:: Data listing ::

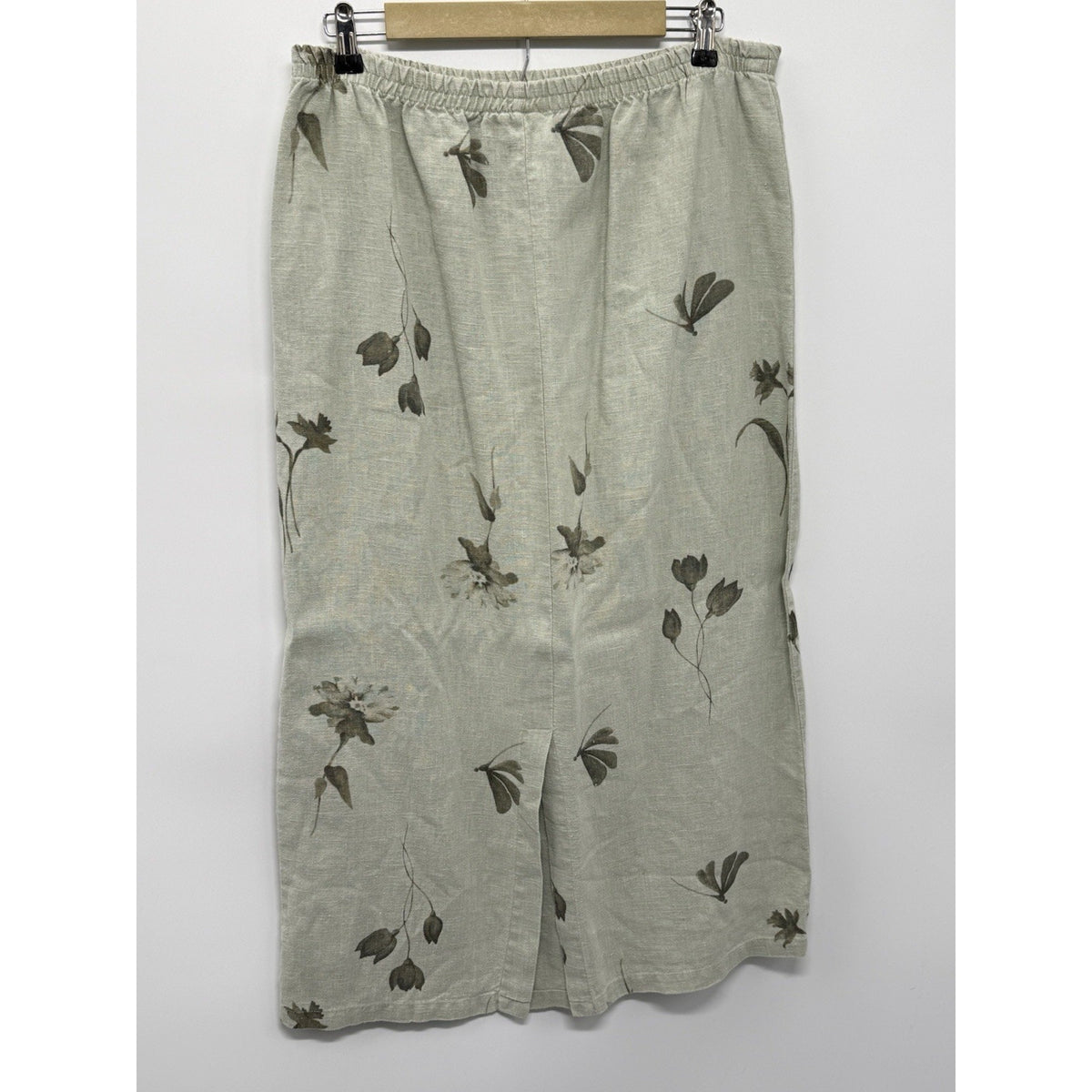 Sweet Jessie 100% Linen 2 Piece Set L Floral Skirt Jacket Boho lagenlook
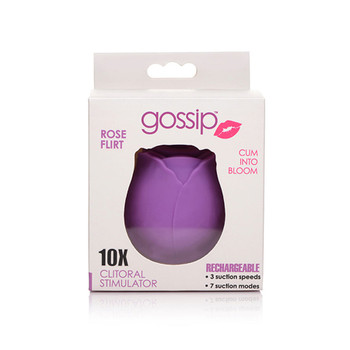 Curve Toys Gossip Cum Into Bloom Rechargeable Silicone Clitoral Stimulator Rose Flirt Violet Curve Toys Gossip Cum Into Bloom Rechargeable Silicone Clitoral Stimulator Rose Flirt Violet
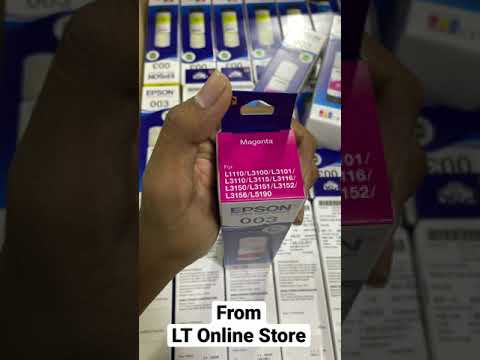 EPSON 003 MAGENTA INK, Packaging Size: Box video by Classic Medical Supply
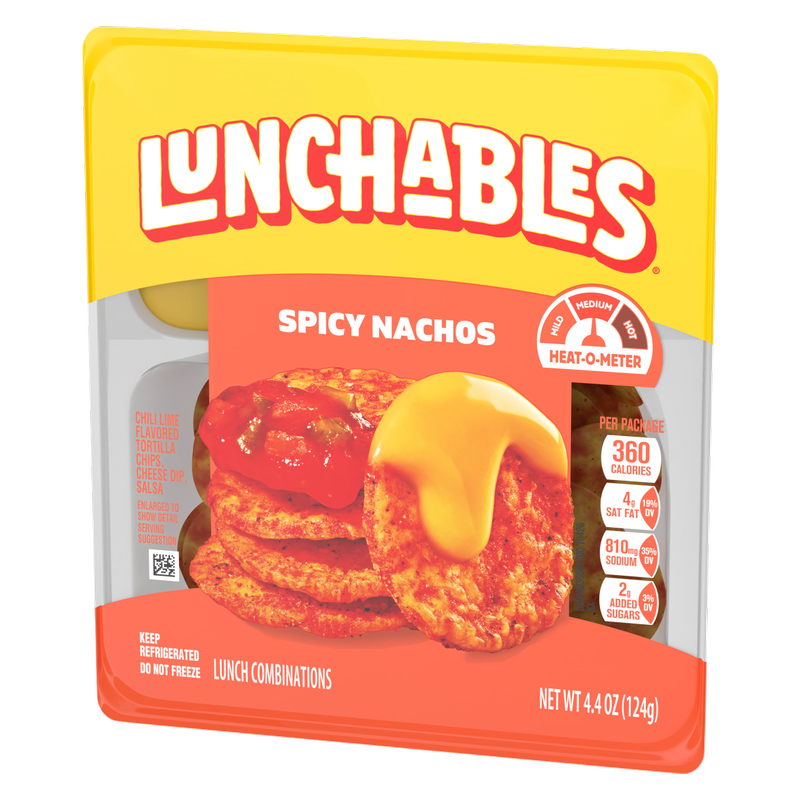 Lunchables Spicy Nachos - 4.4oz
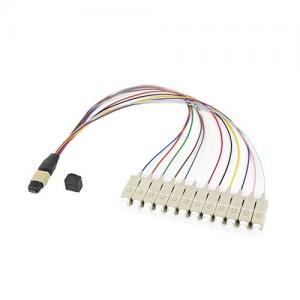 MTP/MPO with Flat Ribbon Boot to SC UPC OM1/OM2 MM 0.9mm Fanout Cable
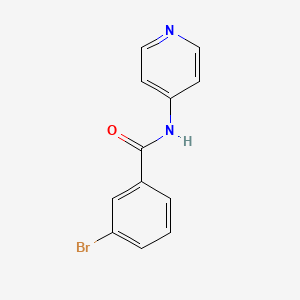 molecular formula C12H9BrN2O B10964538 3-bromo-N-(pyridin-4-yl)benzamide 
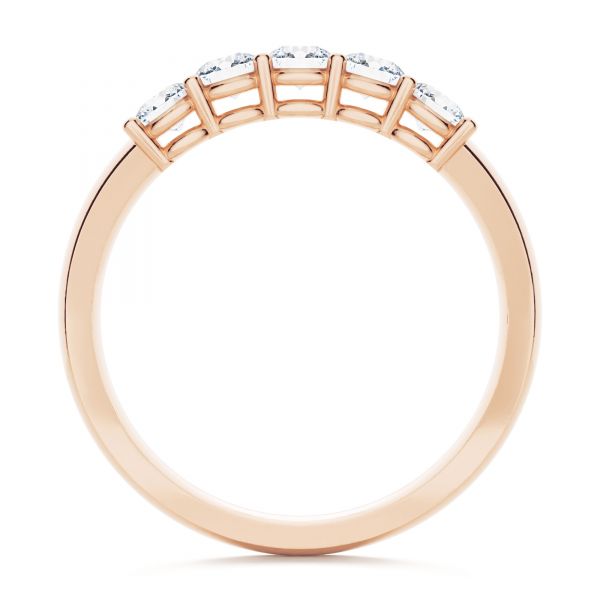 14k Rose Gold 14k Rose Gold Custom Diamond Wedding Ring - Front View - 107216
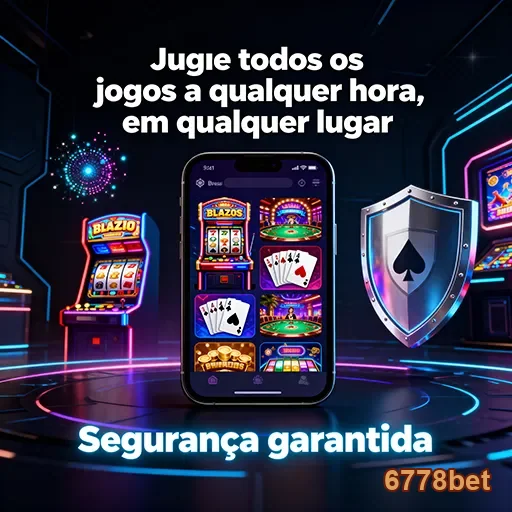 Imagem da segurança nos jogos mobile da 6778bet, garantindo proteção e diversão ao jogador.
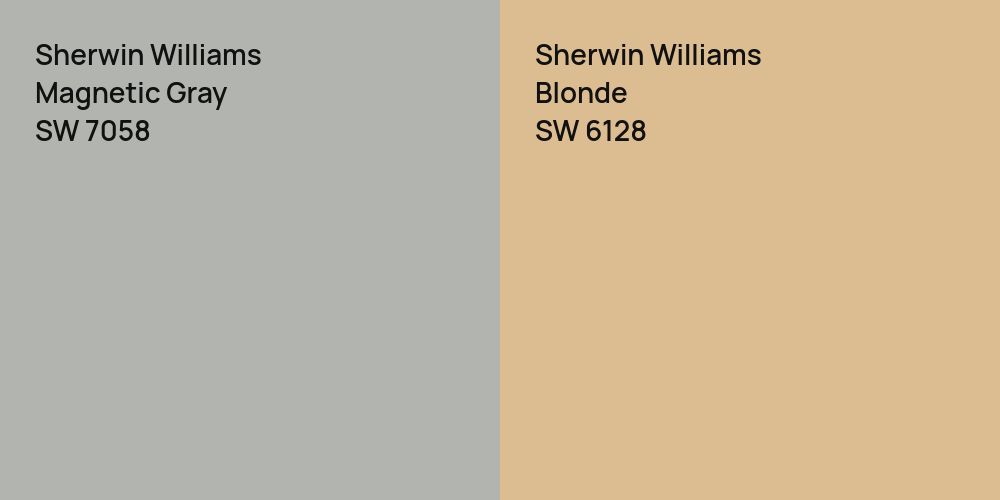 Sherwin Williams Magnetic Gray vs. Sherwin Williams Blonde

:::

→ The task: Please repeat, exactly and with nothing else, the lines from the one containing "14k Rose Gold 14k" to the last line of the entries, both included, excluding any pictures.

→ Reply to the exercise:
 14k Rose Gold 14k Rose Gold Custom Diamond Wedding Ring - Front View - 107216
 Imagem da segurança nos jogos mobile da 6778bet, garantindo proteção e diversão ao jogador.
 Sherwin Williams Magnetic Gray vs. Sherwin Williams Blonde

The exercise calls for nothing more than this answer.